I think I like her more than anyone else does, I believe. I know that there is hell lot of a difference between liking and loving. I don't want to be in love with her; I want her to like me, like she does to any other close friend and to be with me throughout my life , but I am afraid.... though I only want to look into her eyes for my rest of the life.
There it goes again!
Being a Leo is not easy; at least not for me. Decision-making has been always tough for me in strange situations. For a moment, I would decide that I would go and talk to her and ask her whether I stood a chance with her; and the next moment I tend to worry as to what her reply might be. Of course, I know what her answer would be, but I think it is still worth a try. At least I won't blame myself in future for not even believing in my luck. I do not think things would change much, whatever her reply might be; but I honestly wish to be close to her, to share her joys and sorrows with mine and to talk to her through out the years. It think I am too shy to ask and too proud to loose because I don't love a woman because she's beautiful, she is beautiful because I love her.

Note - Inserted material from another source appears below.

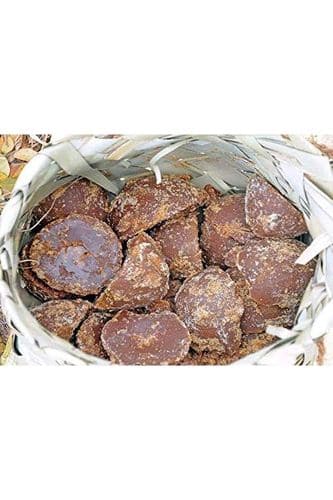 nalAmudhu Panam Karuppatti | Palm Jaggery Block 454g-1.0lbs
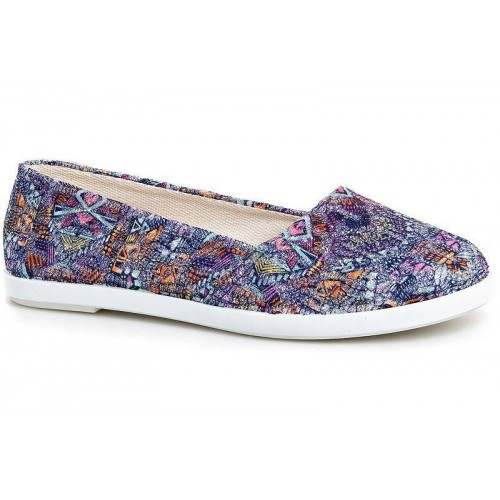 Туфлі Las Espadrillas Multi Kd600-24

I was never one to patiently pick up broken fragments and glue them together again and tell myself that the mended whole was as good as new. What is broken is broken -- and I'd rather remember it as it was at its best than mend it and see the broken places as long as I lived.
I love her for what she is, but I love her yet more for what she is going to be. I love her not so much for her realities as for her ideals. I pray for her desires that they may be great, rather than for her satisfactions, which may be so hazardously little. She is going forward toward something great. I am on the way with her, and therefore I love her; I believe.

It takes a second to notice someone,
A minute to crush on someone,
An hour to like someone,
A day to fall in love with someone,
And a lifetime to forget them!!!!!!!!